**Goal of the exercise**. Retype every entry word for word. Omit the pictures.

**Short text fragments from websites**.
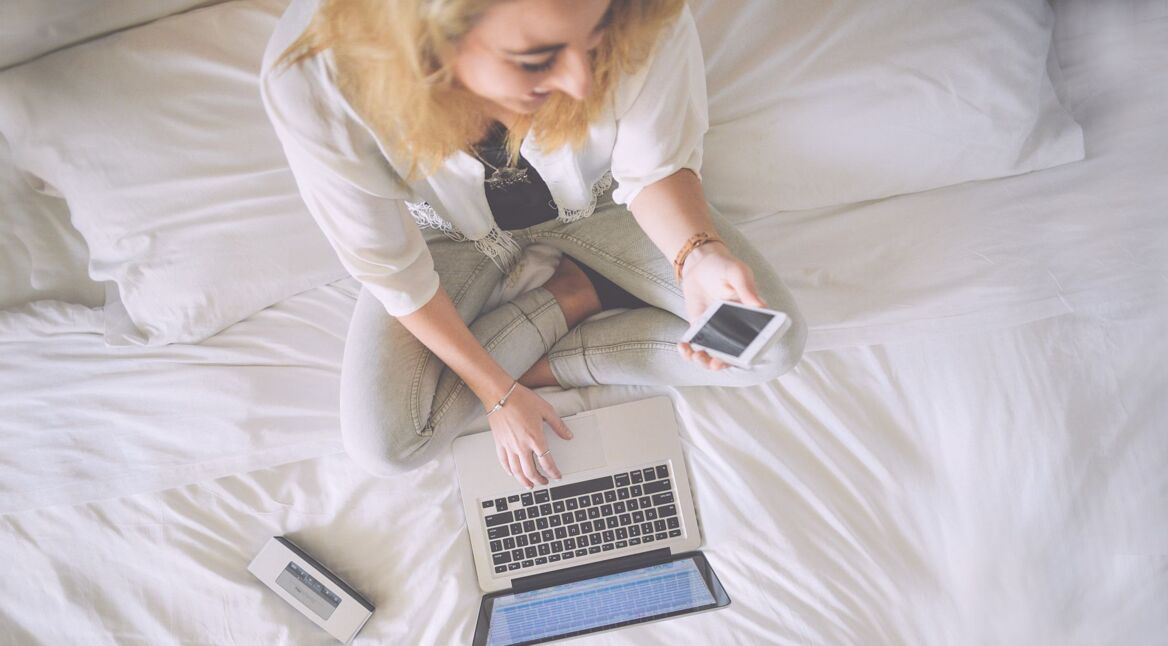 Lachende Frau auf Bett mit iPhone und MacBook.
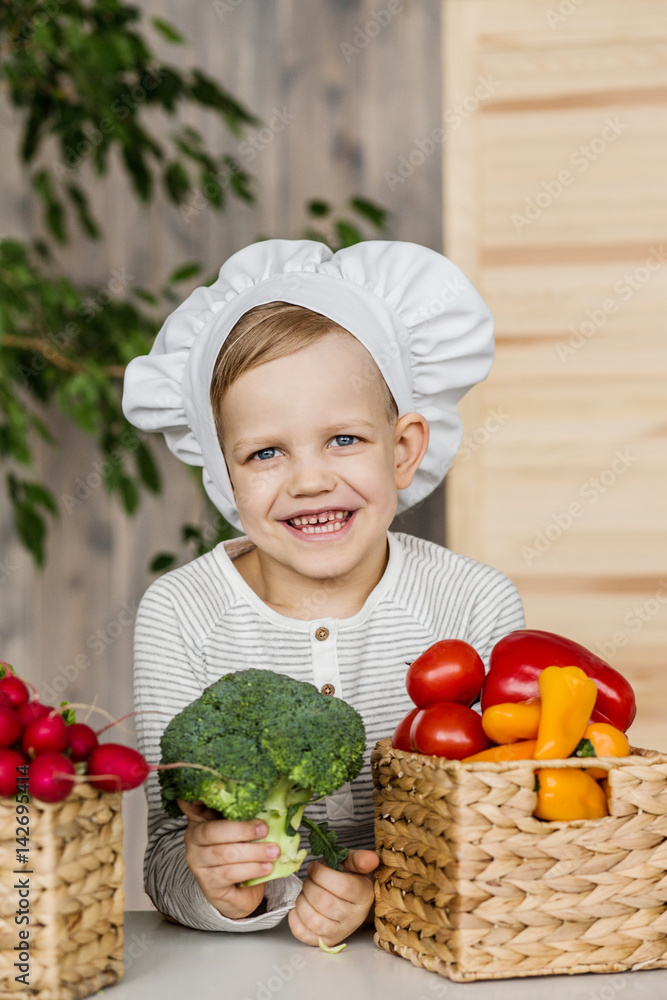 Handsome little kid in chef uniform with vegetables. Cooking in kitchen at home. Vegetarian. Healthy food Handsome little kid in chef uniform with vegetables. Cooking in kitchen at home. Vegetarian. Healthy food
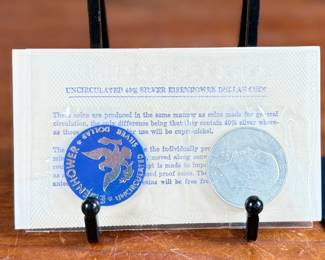 This lot features a 1971 Eisenhower uncirculated silver dollar in the original packaging.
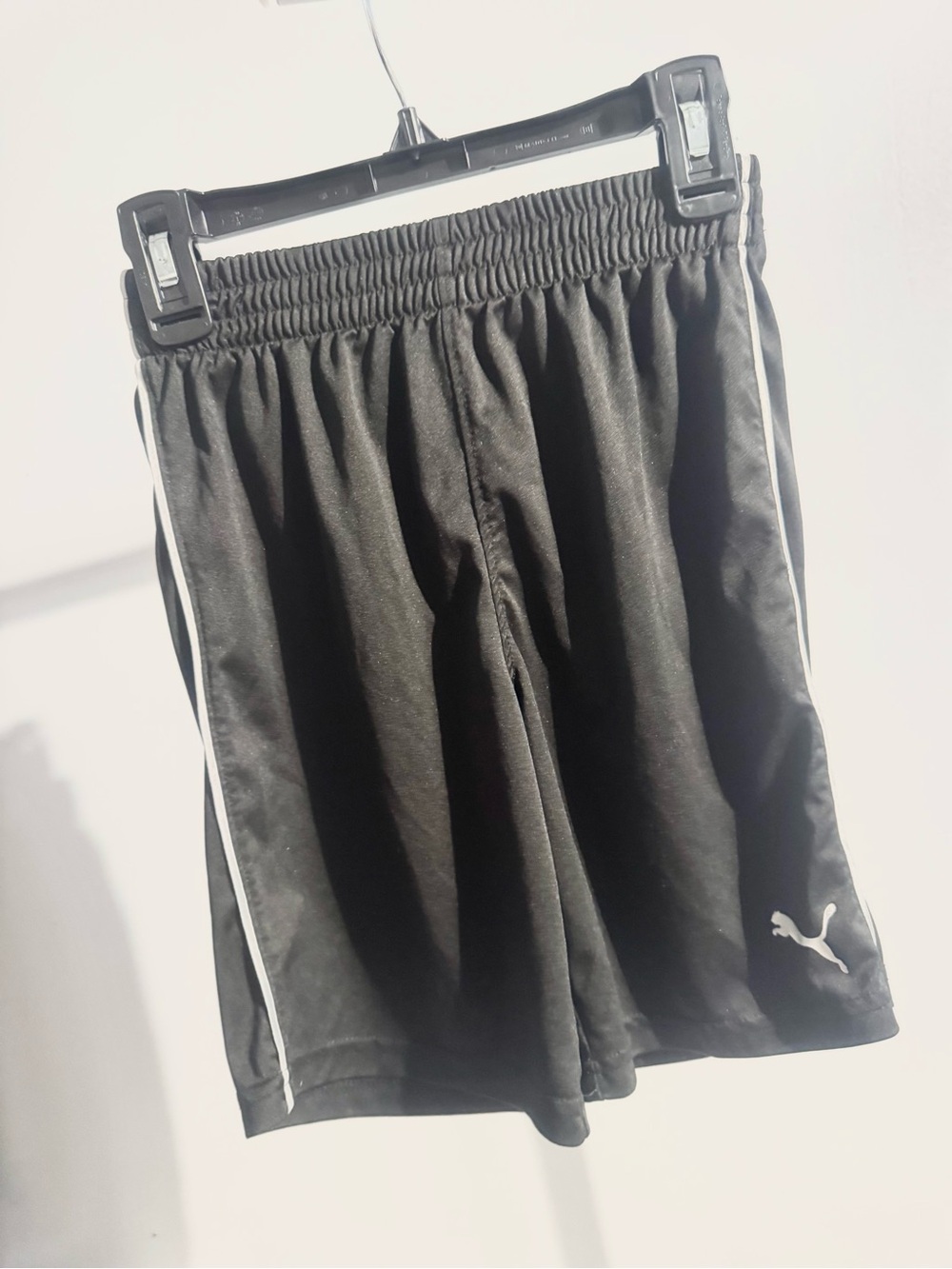 Puma Black Shorts with White Label and Green Logo
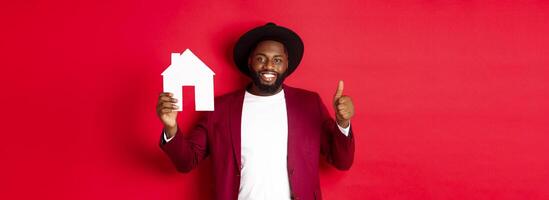 Real estate. Stylish african american bearded man showing home maket, thumb up, recommending agency or apartment complex, standing over red background photo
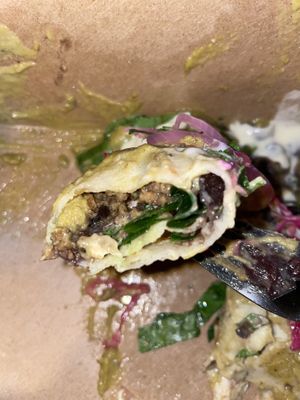 Roasted poblano, jalapeño, tomatillo sauce blended with cashew creama, stuffed with black bean, mushroom, spinach, onion & cashew cheese, creamy & delightful!  at Vida Cantina SF in San Francisco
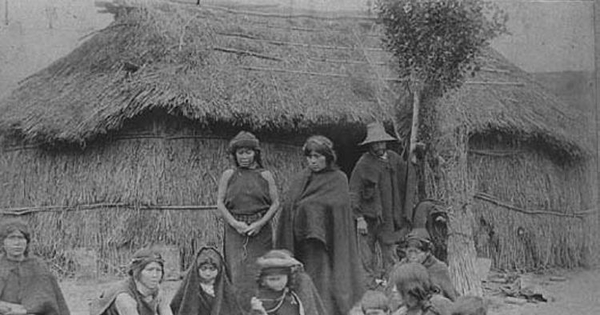 Grupo mapuche junto a un rewe, frente a su ruka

**Solved problem**.
 Lachende Frau auf Bett mit iPhone und MacBook.
 Handsome little kid in chef uniform with vegetables. Cooking in kitchen at home. Vegetarian. Healthy food Handsome little kid in chef uniform with vegetables. Cooking in kitchen at home. Vegetarian. Healthy food
 This lot features a 1971 Eisenhower uncirculated silver dollar in the original packaging.
 Puma Black Shorts with White Label and Green Logo
 Real estate. Stylish african american bearded man showing home maket, thumb up, recommending agency or apartment complex, standing over red background photo
 Roasted poblano, jalapeño, tomatillo sauce blended with cashew creama, stuffed with black bean, mushroom, spinach, onion & cashew cheese, creamy & delightful!  at Vida Cantina SF in San Francisco
 Grupo mapuche junto a un rewe, frente a su ruka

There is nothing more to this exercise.